Eine Klanglandschaft wie aus einem John-Carpenter-Film kündigt verwegen Großartiges an: Und tatsächlich, Eagle in the dumps, ähem, 'Down In The Dumps' ist wieder so ein Geniestreich aus einem Paralleluniversum. Alte Fans hören sofort, was ich meine: Meisterhaft, wie HELLOWEEN hier Neues schafft und dabei rotzfrech auf Altes verweist! Ein ultra-hartes Riff trifft auf bekannte, aber dennoch ganz andere Melodien. Dabei geben Michi Kiske und Andi Deris alles! Es ist immer und immer wieder eine wahre Freude diesem Ausnahme-Metal-Duo das Gehör zu schenken. Nebenbei trifft Kiske höchste Töne, von denen andere singende Zeitgenossen gar nicht wissen, dass es sie gibt! Göttlich! 'Down In The Dumps' ist übrigens mein mir bisher unbekannter Höhepunkt des Albums Numero drei!
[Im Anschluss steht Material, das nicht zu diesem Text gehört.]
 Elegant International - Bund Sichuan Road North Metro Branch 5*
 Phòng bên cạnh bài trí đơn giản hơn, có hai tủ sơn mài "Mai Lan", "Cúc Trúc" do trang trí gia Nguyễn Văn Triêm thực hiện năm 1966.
'Orbit' ist das seither noch nicht veröffentlichte PINK FLOYD-artige Intro zum das Werk abschließenden 'Skyfall', das unbedingt, so muss ich feststellen, zur nachfolgenden, mir bereits als Vorab-Veröffentlichung bekannten Großtat aus Kai Hansens Feder passt! Das zwölfminütige 'Skyfall' wird inzwischen sogar von Fans der ersten Stunde zuweilen als einer der besten HELLOWEEN-Songs aller Zeiten (!), jemals (!!), überhaupt (!!!), gehandelt! Hierzu muss ich nicht mehr viel schreiben, nur eine kurze Bemerkung aus eigener Erfahrung für die, die es wirklich bis zur Album-Veröffentlichung ausgehalten haben: Legt euch einen Familienpack Taschentücher bereit! Dies hier ist ein Wahnsinnsritt!
Noch ein paar abschließende Worte:
Meine drei Anspieltipps für Kenner von 'Skyfall' sind: 'Out For The Glory', 'Robot King' und 'Down In The Dumps'. Wer 'Skyfall' noch nicht kennt, darf auch da reinhören. Aber eigentlich kann man das Album auch einfach gleich kaufen. Das spart Zeit, die man vor der Anlage verbringen kann.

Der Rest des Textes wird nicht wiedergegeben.